İnsafla söyleyin, bu duanın neresinde şirk vardır? Acaba duanın her yerinde Allah-u Teala’nın mübarek adı yok mu? Nerede O’nları Allah’a şirk kıldık? Neden bize iftira ediyorsunuz? Neden muvahhid Müslümanlara gali ve müşrik diyorsunuz? Neden Müslümanların arasında düşmanlık tohumları ekiyorsunuz? Meseleyi birbirine karıştırarak gerçekten haberi olmayan insanların, neden din kardeşlerine karşı kafir gözüyle bakmasına sebep oluyorsunuz?

Birçok mutaassıp ve gerçeklerden habersiz insan var ki, zavallı şiaları kafir diye öldürmekte, kendilerini cennet ehli zannetmektedirler.

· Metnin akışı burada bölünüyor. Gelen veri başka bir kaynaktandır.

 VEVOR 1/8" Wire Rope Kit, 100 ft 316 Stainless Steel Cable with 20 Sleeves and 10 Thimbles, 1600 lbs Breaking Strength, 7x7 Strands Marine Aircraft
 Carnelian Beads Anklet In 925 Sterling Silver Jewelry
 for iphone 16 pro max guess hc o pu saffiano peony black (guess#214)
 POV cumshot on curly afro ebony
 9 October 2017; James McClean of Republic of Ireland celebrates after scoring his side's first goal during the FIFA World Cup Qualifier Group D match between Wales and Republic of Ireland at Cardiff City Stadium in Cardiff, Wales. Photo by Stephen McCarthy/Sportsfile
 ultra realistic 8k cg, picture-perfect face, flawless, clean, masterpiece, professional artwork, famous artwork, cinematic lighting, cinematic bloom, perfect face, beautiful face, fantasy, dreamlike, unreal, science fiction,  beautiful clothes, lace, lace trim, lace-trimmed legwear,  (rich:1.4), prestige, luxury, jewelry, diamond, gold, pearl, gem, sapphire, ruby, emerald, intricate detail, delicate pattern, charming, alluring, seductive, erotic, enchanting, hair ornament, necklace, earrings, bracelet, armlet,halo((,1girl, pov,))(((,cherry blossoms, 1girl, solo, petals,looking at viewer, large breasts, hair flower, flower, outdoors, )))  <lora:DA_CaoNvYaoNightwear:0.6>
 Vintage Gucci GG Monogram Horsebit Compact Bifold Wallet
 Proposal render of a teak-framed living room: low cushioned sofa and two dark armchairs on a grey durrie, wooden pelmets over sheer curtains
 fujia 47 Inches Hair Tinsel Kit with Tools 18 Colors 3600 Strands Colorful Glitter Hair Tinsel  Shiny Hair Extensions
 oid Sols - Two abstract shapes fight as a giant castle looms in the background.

Bunun günahı siz alimlerin boynundadır.

Acaba şimdiye kadar bir şianın bir tane dahi olsa bir Sünni’yi öldürdüğünü duydunuz mu? Bizim alimlerimiz hiçbir zaman böylesi zehirleyici şeyleri, halkın arasına sokmamışlardır. Onlar Şia ve Sünni’lerin arasına düşmanlık tohumları ekmezler. Bizim alimlerimiz insanı katletmeyi büyük günahlardan sayarlar.

Sünni ve Şia arasındaki ihtilafları, ilim ve mantıkla halka anlattığımız zaman şunu da kesinlikle söyleriz ki; Sünniler bizim Müslüman kardeşlerimizdir, onlara düşmanlık etmeyin, kin beslemeyin. Aksine onlarla kardeşçe beraber olalım ve “La ilahe illallah”‌ bayrağını yüceltelim.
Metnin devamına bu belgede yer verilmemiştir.